Not really. Unfortunately, the same issues I had with the film many years ago still rub me the wrong way. While I did appreciate the acting, especially from Harvey Keitel, the film is a slog to get through. The seediness of the New Jersey helps set the dark mood, but the characters and script sunk Mortal Thoughts for me. The idea and look are there, but the elements did not come together to create an entertaining experience.
Just because I didn’t enjoy the film—doesn’t mean the supplemental material didn’t work either. Even for someone who didn’t enjoy Mortal Thoughts, I did find enjoyment elsewhere on the disc!
On the bonus feature side, Imprint Films did an excellent job compiling plenty of supplemental material for fans of Mortal Thoughts and those, like myself, seeking out additional factoids outside of the feature.
The first feature, “Murder Most Foul,” is an interview with executive producer Taylor Hackford. Hackford talks about how he came upon the script, the casting, the production, and his thoughts on the final product. I had read about production difficulties on the film’s set, but I didn’t know the minutiae. Hackford goes into the wacky way that the Mortal Thoughts script came into his possession and the trouble with the initial director. I don’t want to spoil what went on, but it’s a doozy and worth discovering on your own. Outside of that, Hackford speaks honestly about his production company’s woes at the time of funding Mortal Thoughts and touches on the not-so-subtle product placement of Dunkin’ Donuts. “Murder Most Foul” is an excellent interview, and Hackford makes for an engaging subject.

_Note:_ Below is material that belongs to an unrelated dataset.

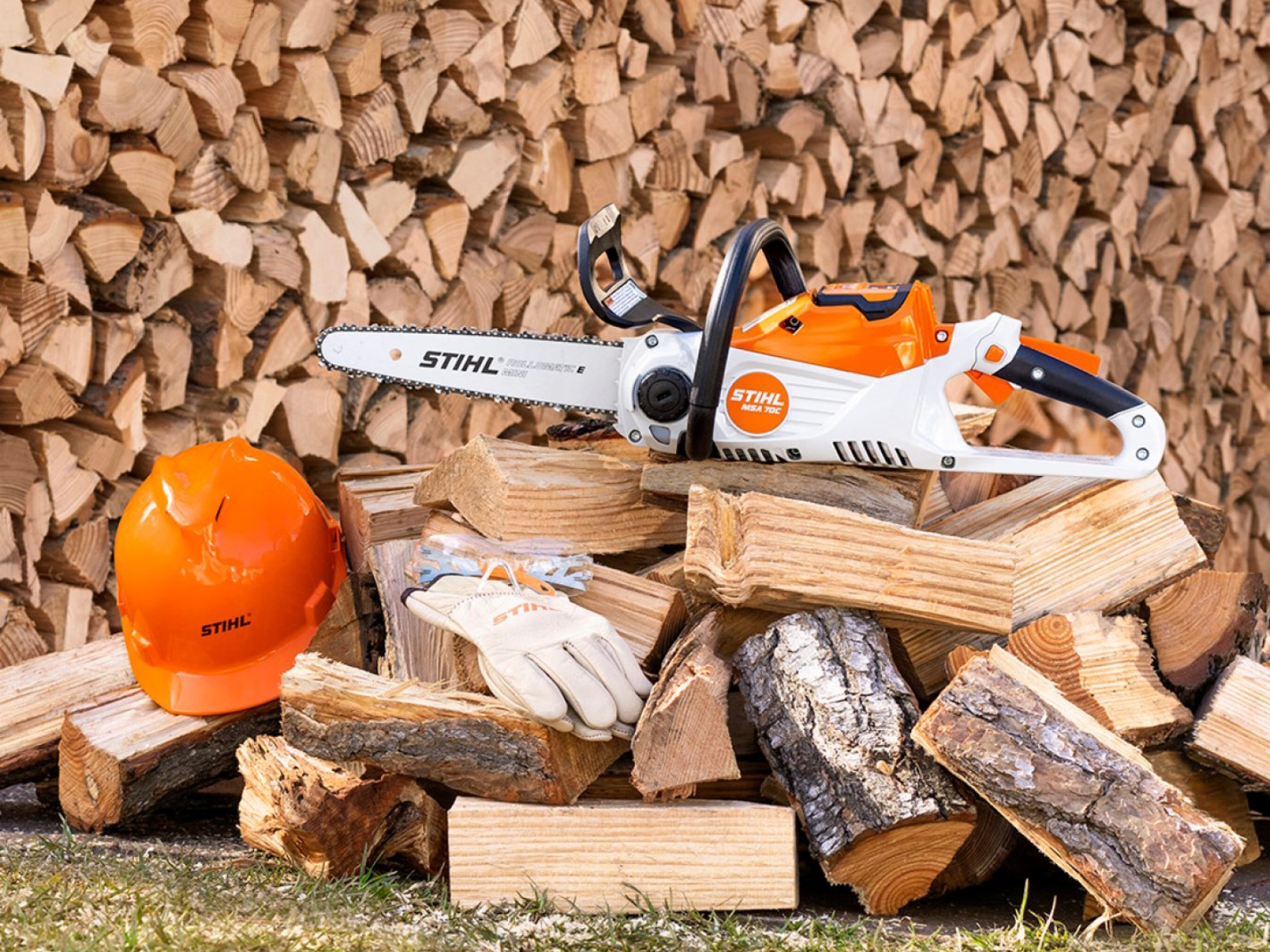 2025 Stihl MSA 70 C-B Chainsaw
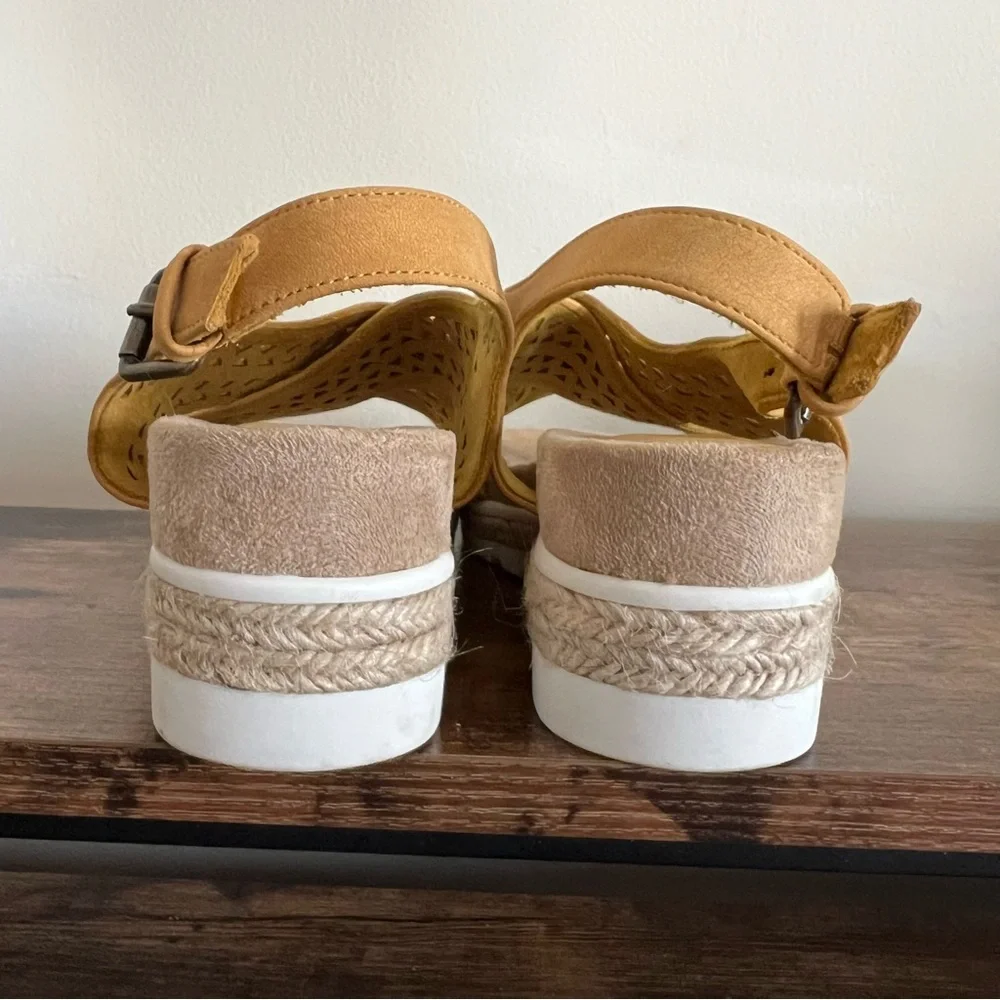 Bella Vita Cosette yellow‎ suede cut out peep toe wedge heel sandal women's 7.5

“Troubled Dreams” is an interview with Production Designer Howard Cummings and Art Director Bob Shaw. “Troubled Dreams” is an in-depth conversation with both men, each touching upon their background before diving into the production of Mortal Thoughts. The troubled production is brought up, along with how the change in directors affected the style of the film. This interview features a lot of “nuts and bolts” about how a movie is structured from the ground up. It might get a bit technical, but I think “Troubled Dreams” does what it should, with Cummings and Shaw offering unique voices in the production.
The last interview, “Fatal Flashback: Scoring Mortal Thoughts,” is an audio-only interview with the film’s composer, Mark Isham, produced by Ballyhoo Motion Pictures. Isham discusses how he came to work with director Alan Rudolph while offering honest opinions on how he handled the music for Mortal Thoughts. It’s interesting to hear Isham’s thoughts regarding what he would change now versus the film’s 1991 score. As with the other interviews, Isham hints at a turbulent production sensed while working with the director. It’s interesting to hear Isham so critical of his score—I agree with a lot of his critiques—I applaud Isham for how he can stand back from his work and offer such an assessment. As with the other interviews on this disc, “Fatal Flashback” utilizes its time well and gives fans of the film enough meat to digest.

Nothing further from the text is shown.